I need a review of the following code for finding all permutations of a string in C++:
List Permute(const String& string)
{
if (string.length == 0)
return EmptyStrings(1);
List prevList = Permute(SubString(string,1,string.length));
List nextList = EmptyStrings(string.length*prevList.length);
for (int i=0; i<prevList.length; i++)
{
for (int j=0; j<string.length; j++)
{
nextList[i*string.length+j] += SubString(prevList[i],0,j);
nextList[i*string.length+j] += string[0];
nextList[i*string.length+j] += SubString(prevList[i],j,string.length-1);
}
}
return nextList;
}
You may assume the correctness of the following:
class List
class String
List EmptyStrings(int n); // returns a list of 'n' empty strings
String SubString(const String& string,int i,int j); // returns the string 'string[i...j)'
-
1\$\begingroup\$ This is cheating, but I thought it would be nice to mention that <algorithm> has useful functions for this such as next_permutation, prev_permutation, and is_permutation. \$\endgroup\$red_eight– red_eight2014年01月18日 18:17:46 +00:00Commented Jan 18, 2014 at 18:17
1 Answer 1
You may need to remove duplicates. Consider what your output will be if, for example, your input string is "aaa"
.
Code like this is unusual:
// nextList contains an array of empty strings
nextList[i*string.length+j] += SubString(prevList[i],0,j);
IMO this would be more usual:
// nextList is empty
// calculate new string
string nextString = SubString(prevList[i],0,j)
+ string[0]
+ SubString(prevList[i],j,string.length-1);
nextList.Add(nextString);
Returning by value is sometimes necessary but can be inefficient. Your algorithm creates many temporary List objects. A better API might be ...
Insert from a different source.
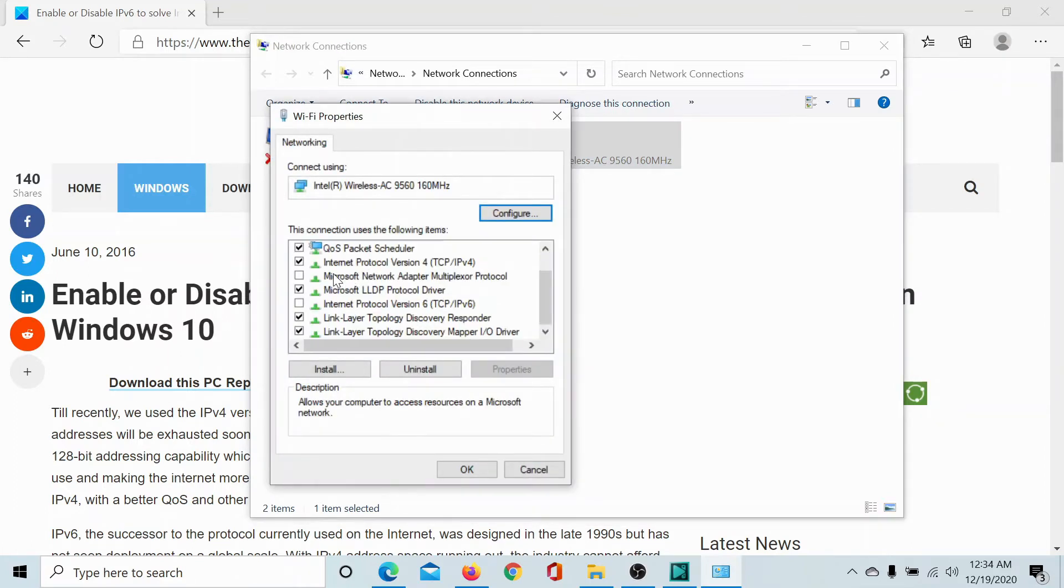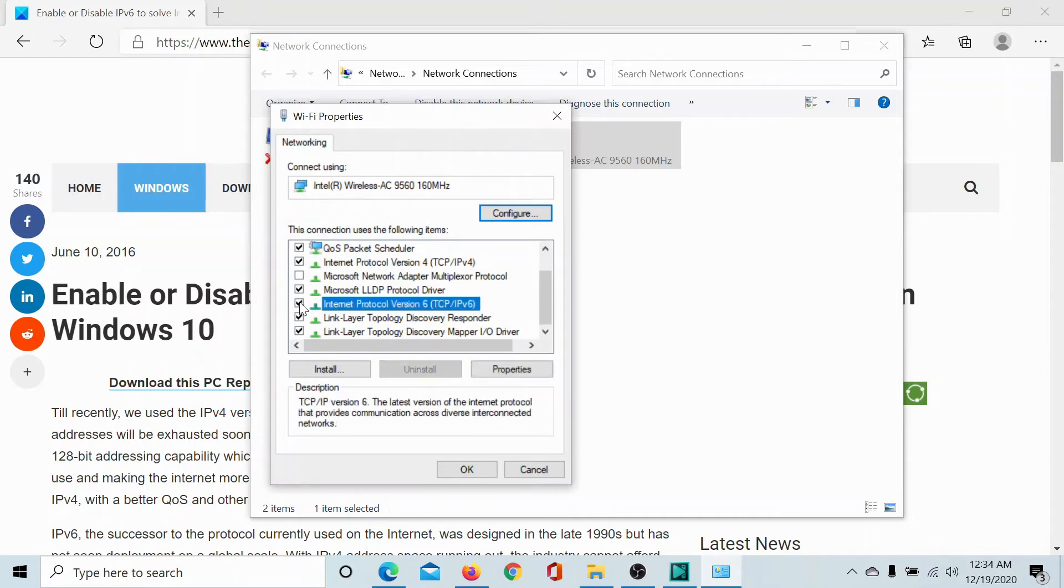Scroll down to Internet Protocol Version 6 or IPv6. If this box is checked, IPv6 is enabled. If it is unchecked, then IPv6 is disabled.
void Permute(const String& inputString, List& outputList) { ... }
... where one empty List is allocated by the caller, and you add to it.
This statement may be incorrect ...
List prevList = Permute(SubString(string,1,string.length));
... I don't know how returns the string 'string[i...j)'
is defined but perhaps this statement should be ...
List prevList = Permute(SubString(string,1,string.length - 1));
You may run out of memory very quickly. For a string of length n
there are n!
('n factorial') permutations. "what's up doc?"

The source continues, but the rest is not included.